Pre-made Finder (Realm Hopping)

In Mists of Pandaria, the infamous TinySmasher (a player) created a game add-on called oQueue.  This add-on was highly debated, loved, reviled, and contested.  It used the battle-tag / real-id system to piggy-bag communication between realms in a mesh network of inter-server communication.  The purpose he initially created it for was for a community of PvPers to "cheese" random battleground by taking the "random" out of one of the competing sides.  That is, if you could bring 20 friends into your RBG, all on voice against just a bunch of random people, you'd win.   Well, they did.. they'd stomp them.  They did.

The add-on also allowed for people to create cross-realm raiding activities using Cross-Realm Battle-Tag groups of people on various servers all wanting to do the same content.

Essentially it was the predecessor of "Pre-made Finder", but it had no "auto-invite".

Today, we have pre-made finder, largely, I think, because of oQueue.  But the auto-invite feature allows players to quickly join pre-made groups, for whatever purpose and use them to pull their character to different servers.

Players do this for the sole purpose of hunting rare creatures that have long spawn timers, increasing their odds of finding these creatures significantly.

Pros:  Increases odds of finding these creatures significantly.  Players feel justified for doing this because Cross-Realm Zones decreased their odds.

Cons:  Can be disruptive to groups that have people join/leave without having any real intent to participate in the purpose of the group.   Defeats the purpose of Cross-Realm Zones.   Creates a whole new purpose for pre-made finder for which it was never designed.

Where from here

Much debate and argument could go here about Server Population, Pre-made finder Realm Hopping is fine or why Cross-Realm Zones is bad and I probably could agree with many of their points while at the same time disagree with others.

But, what I think, however, is that the whole system is broken because the original intents are not being accomplished and the features are being used for purposes other than intended.

All these partial solution are leading in one direction that Blizzard just doesn't appear to want to go.

Sure, I will use these systems to do similar things while they exist, but that doesn't mean I think it is the right technological answer.

Blizzard wants:
  • Competition for resources - Hopping for rares breaks this.
  • Pre-mades for playing with people - Hopping for rares breaks this.
  • Preserve the concept of realms.
Players want:
  • People they can play with.  
  • Ability to play with friends
  • Servers that are viable
Their solutions aren't working.
  • Servers are still getting lower populations and becoming non-viable as more players quit or migrate.
  • Cross-Realm zones is a partial implementation to ameliorate low population server problems. 
  • Pre-made finder is a partial implementation because it doesn't support ALL content.
  • Players can't really play / share / join the same guilds, it's just a band-aid.

Solution

Blizzard needs to fix their broke.  They are creating band-aids that just create more problems.
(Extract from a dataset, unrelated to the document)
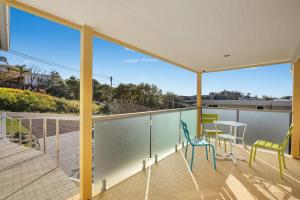 a balcony with two chairs and a table on it at Leisurely Holiday Retreat, near Beach and Shops in Terrigal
It is time to free players from their servers.   I have my own ideas on how it could be implemented but this is really something only Blizzard could design.
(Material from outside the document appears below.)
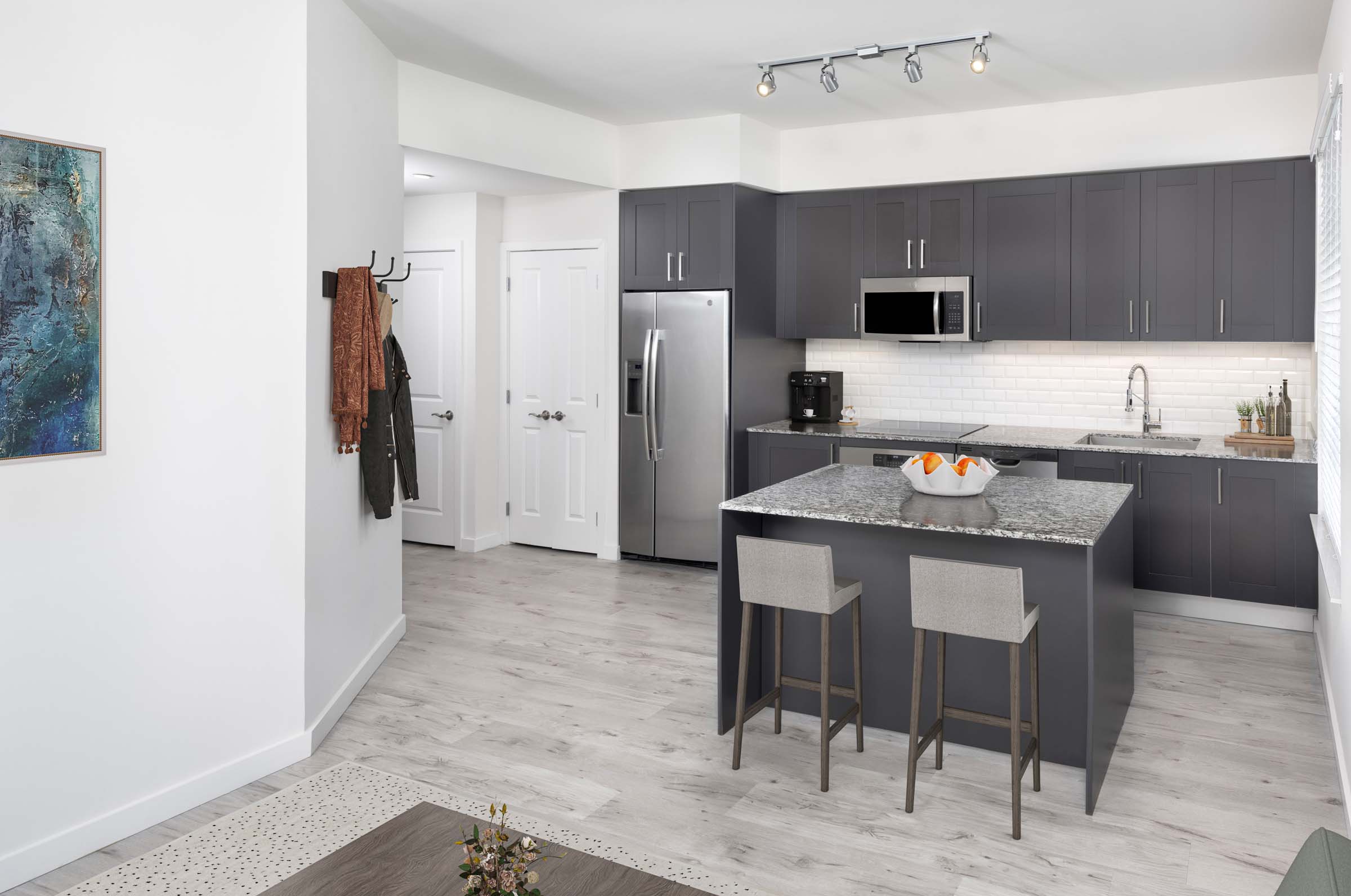 Kitchen in studio floor plan at Camden Central high-rise apartments in St. Petersburg, FL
My basic concept is as thus:
  • Realm is just text appended to your toon name.   But servers are only an internal Blizzard thing.
  • As players you can join any guild.
  • Guilds are listed on a larger web site accessible in game or out.  This system would allow for a large set of search criterion that's not only complex but detailed.
  • Players appear on the same server as their guild (irregardless of their "realm" text).
  • Guilds are grouped to balance player population by a balancing system.
There are still servers, but they mean much less to the players.  What matters is what guild you join.
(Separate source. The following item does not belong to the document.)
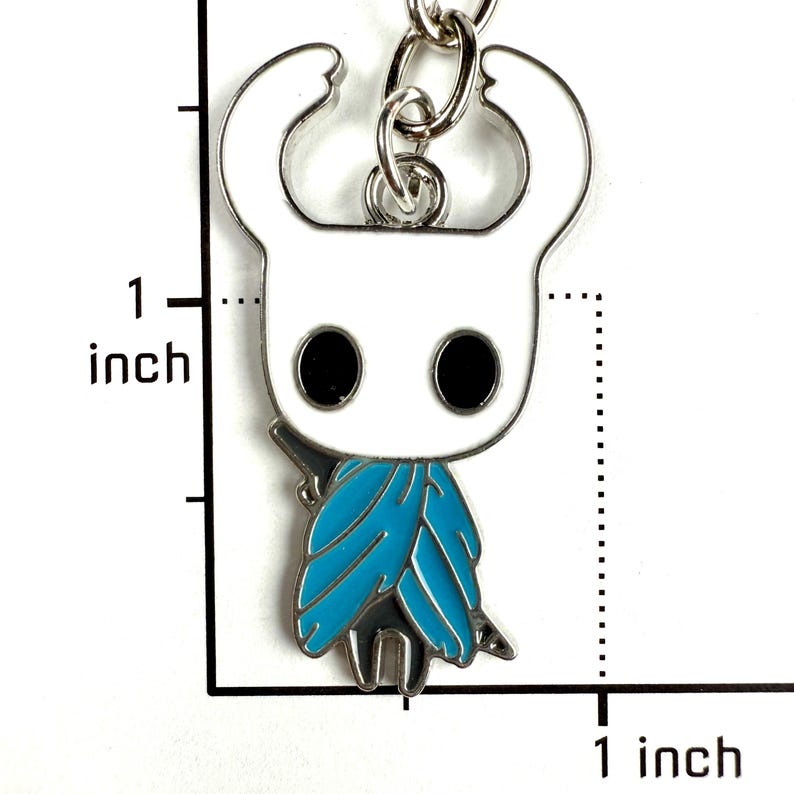 May include: A metal keychain charm featuring a white character with large black oval eyes and a bright blue cloak. The charm is attached to a silver metal ring. A black graphic scale indicates the charm is approximately 1 inch in height.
Pre-made Groups still can exist.  But they need to have their purpose enforced.  If you are not near the realm leader, you are not on his instanced server.   This stops hopping pre-made groups.

Cross-Realm Zones needs to exclude rares.  Then you no longer need to hop for rares anyhow. 

We could debate this and maybe my solution is the right one.  But the way we are headed isn't better as long as low population servers continue to die the game will suffer.